■ PROBLEM: The reply should contain the full listing exactly as written and no pictures at all.

■ SUPPLIED INFORMATION:
════════════════
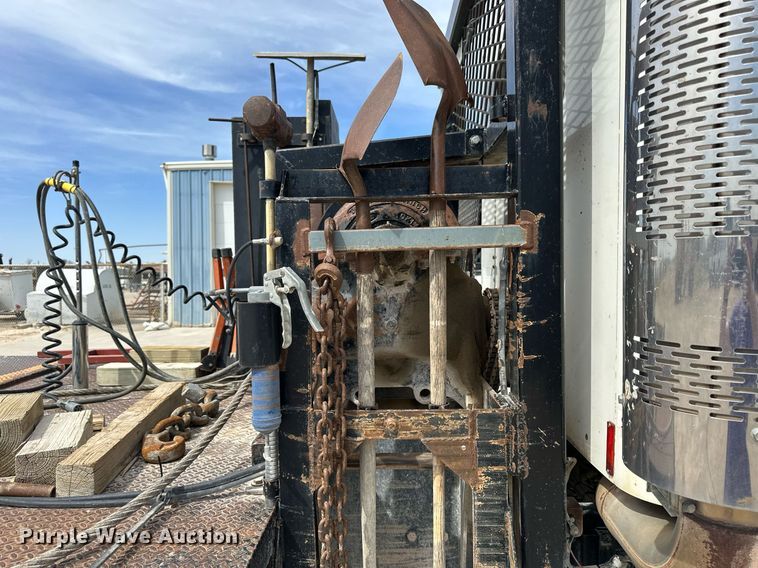 image for item LN9455 1993 Marmon 57P  winch truck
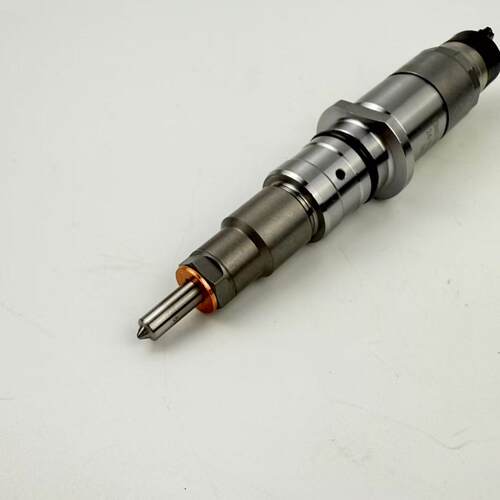 0445120231喷油器 适用小松PC200-8 6D107挖掘机康明斯发动机喷油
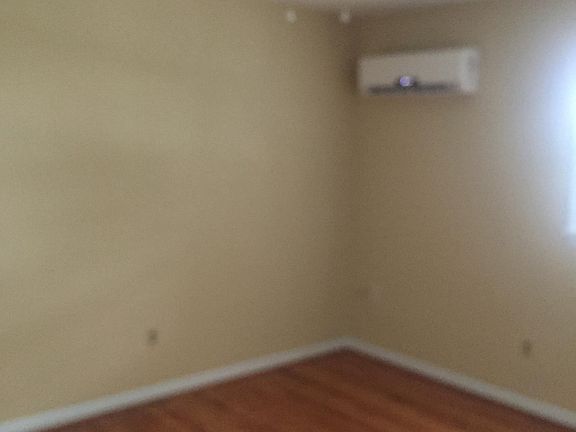 Main house 3 bedrooms and 2 bedrooms 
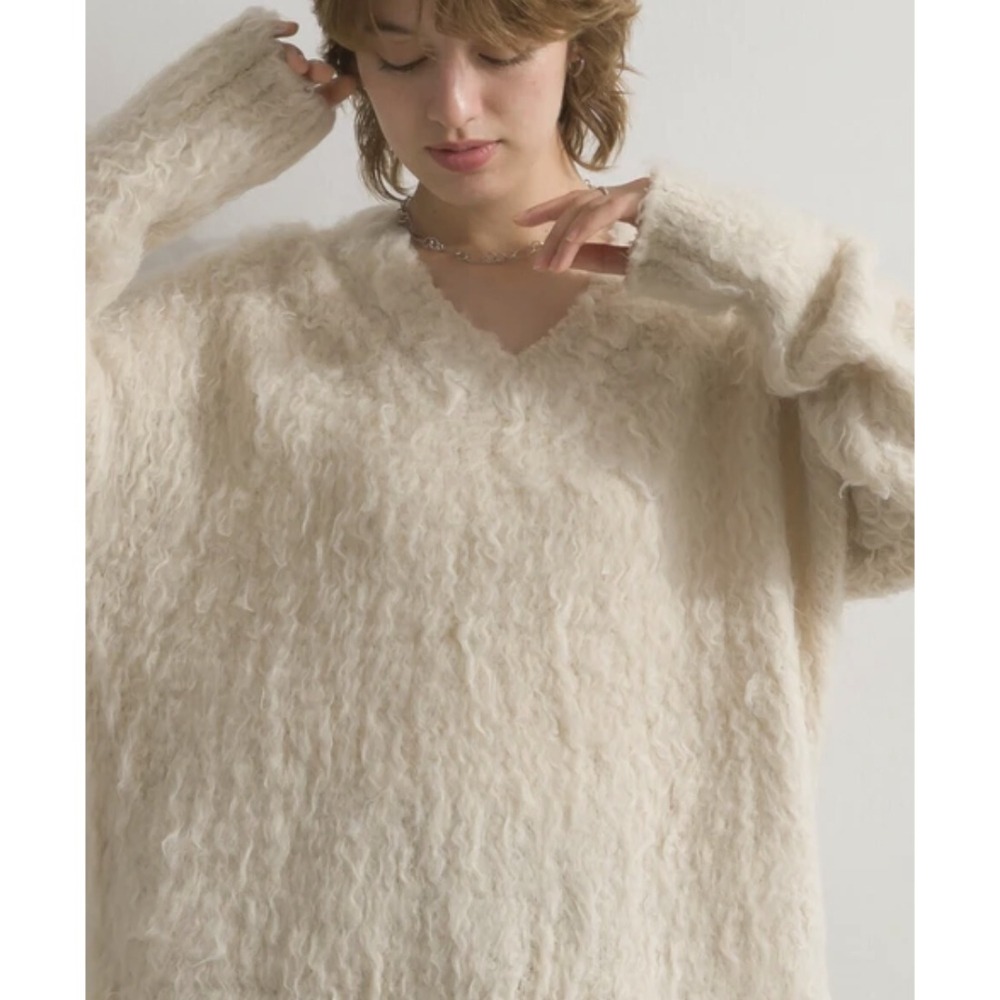 kumo select 🇯🇵雲朵軟綿綿側開叉V領毛衣-細節圖3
════════════════
■ SOLUTION FOR THIS PROBLEM:
 image for item LN9455 1993 Marmon 57P  winch truck
 0445120231喷油器 适用小松PC200-8 6D107挖掘机康明斯发动机喷油
 Main house 3 bedrooms and 2 bedrooms 
 kumo select 🇯🇵雲朵軟綿綿側開叉V領毛衣-細節圖3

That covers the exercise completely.